If it were just as bad as "The censors want to prevent the bad things", I think I might feel that it would be justifiable. This type of thinking also robs the broader public of its agency to reason. The broader public is not comprised of petulant children, regardless of what the media outlets would tell you and what the behavior of Twitter might show (very few of those people display that sort of behavior in actual life, where consequences happen).
This "moral highgrounding", to protect us from the corruption of verbiage that may occur on one platform or another is a ridiculous idea to think that functional adults might need. We are not so weak as to be protected from ideas that "must not be named". Words are not magic, and people cannot be enchanted by their mere utterances. They can be enticed by them being outlawed and the verboten mystique that makes the forbidden seem so savory.

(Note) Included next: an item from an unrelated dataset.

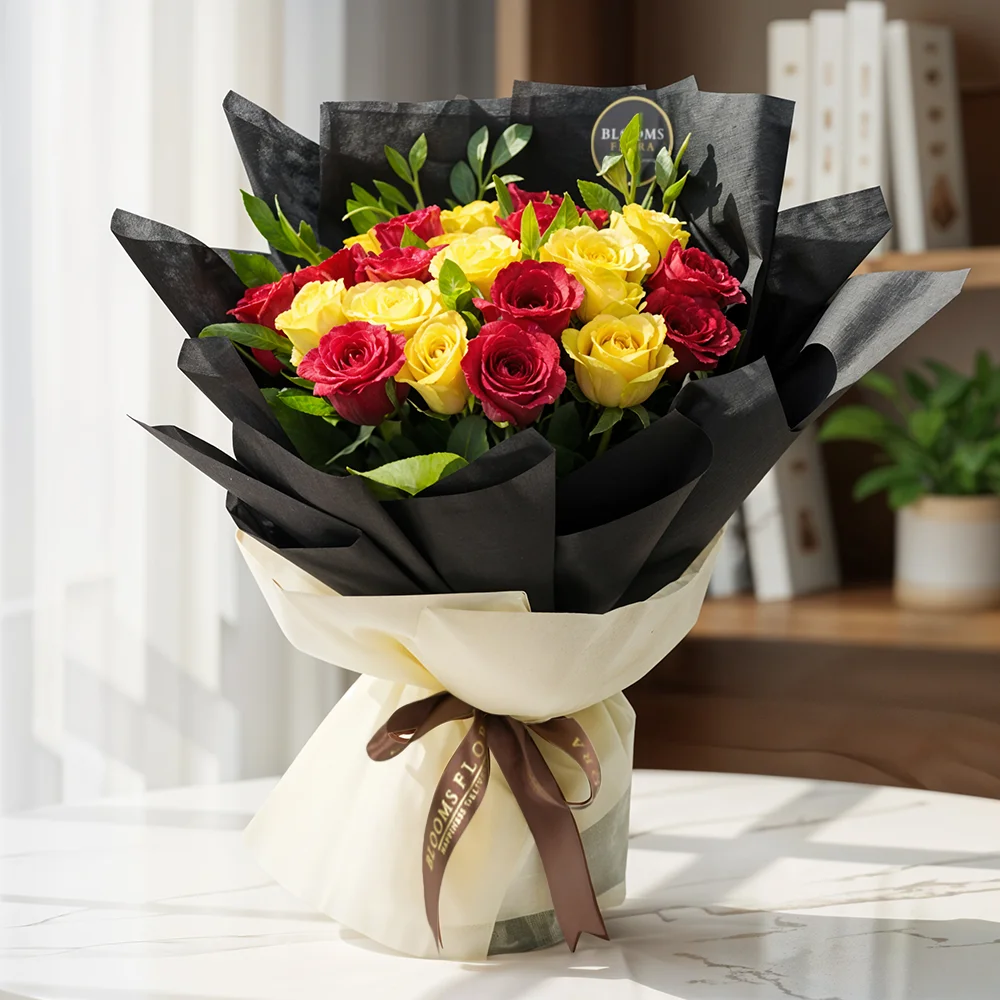 11 red and yellow roses bouquet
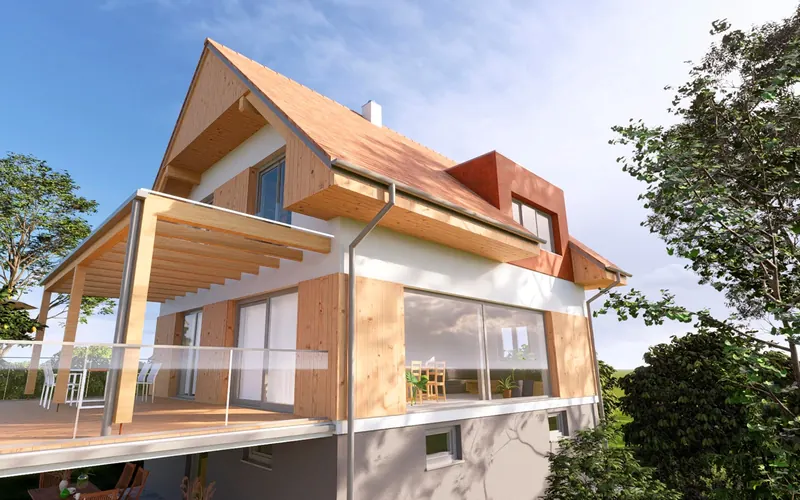 Zubau mit Holzpergola und umlaufender Verglasung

People may be uneducated, but it is impossible to educate them through silence and the silencing of ideas. These verboten ideas will get spread around, major platform or no. They'll spread without any kind of resistance or discussion and no disinfectant light of truth by debate will be shone on them because they will be pushed down to the nooks and crannies, off of the popular platforms where the light of day can show them to be the BS that they are. They'll find their place in small groups and factions, I felt and grow and split people apart. They'll make people not talk to each other and they'll make us a weaker country and a less educated one. A country that tries to run away from hard questions and conversations because it's easier to tell someone or some group to shut up and don't talk about that, rather than address a topic with an open and honest conversation with facts and dialogue.